* _Data extract_:
══════

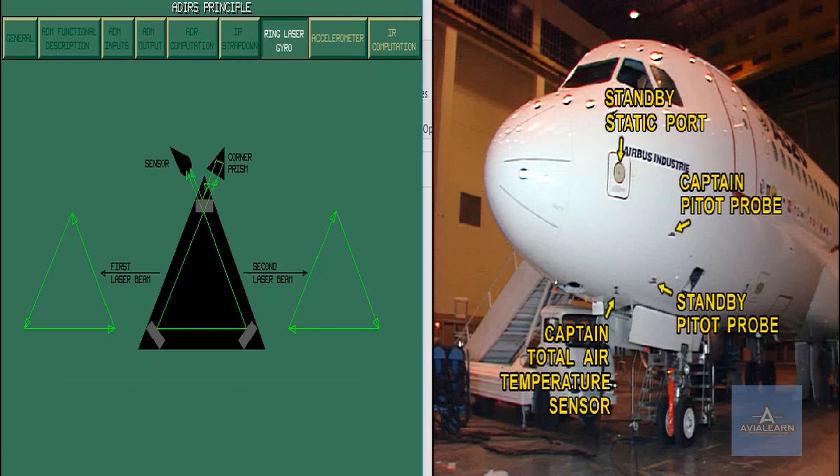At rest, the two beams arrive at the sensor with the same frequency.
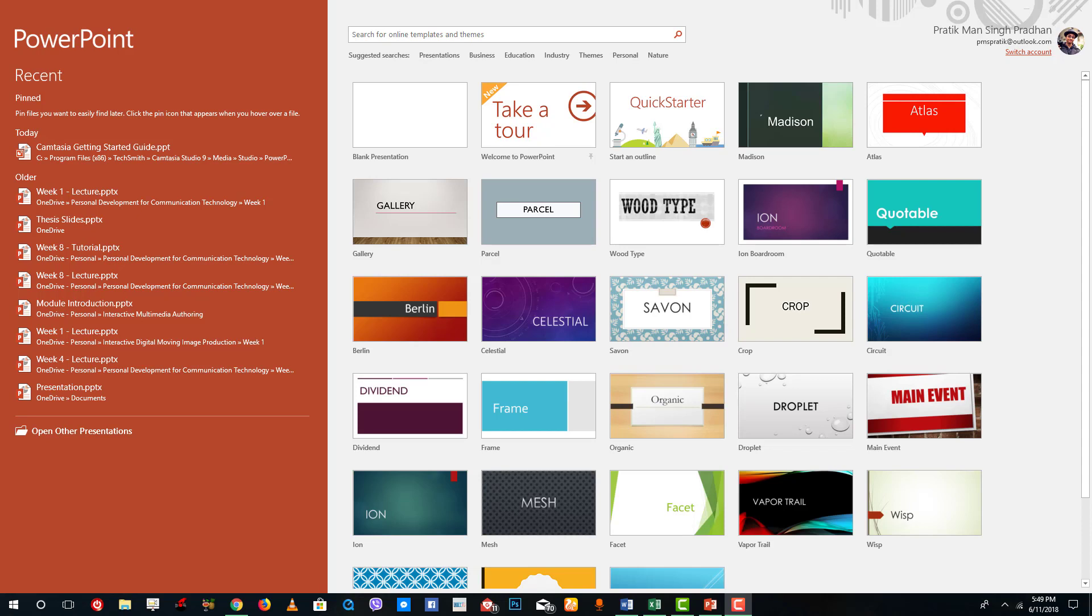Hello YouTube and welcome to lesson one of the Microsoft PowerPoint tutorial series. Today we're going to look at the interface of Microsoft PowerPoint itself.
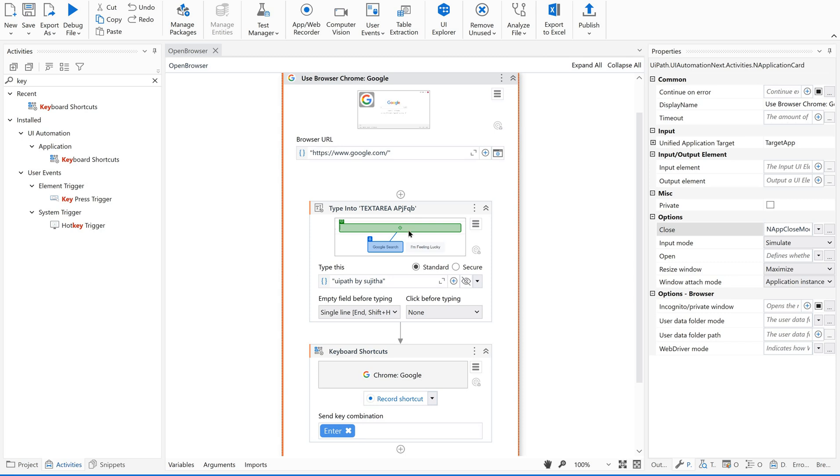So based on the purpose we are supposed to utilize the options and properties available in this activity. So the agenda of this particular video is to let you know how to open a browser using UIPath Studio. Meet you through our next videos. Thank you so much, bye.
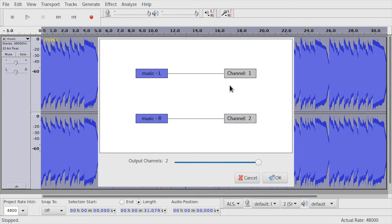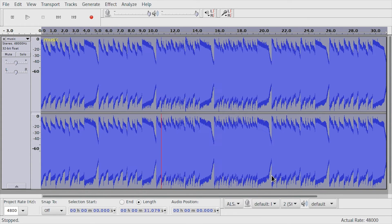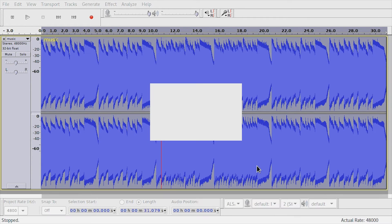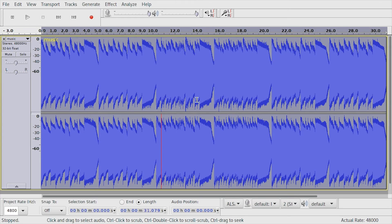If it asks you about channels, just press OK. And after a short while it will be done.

══════

* _Task brief_: The line with "So based on" marks the end: restate word for word every line from the top of the data through that one, omitting pictures.

* _Written response_:
At rest, the two beams arrive at the sensor with the same frequency.
Hello YouTube and welcome to lesson one of the Microsoft PowerPoint tutorial series. Today we're going to look at the interface of Microsoft PowerPoint itself.
So based on the purpose we are supposed to utilize the options and properties available in this activity. So the agenda of this particular video is to let you know how to open a browser using UIPath Studio. Meet you through our next videos. Thank you so much, bye.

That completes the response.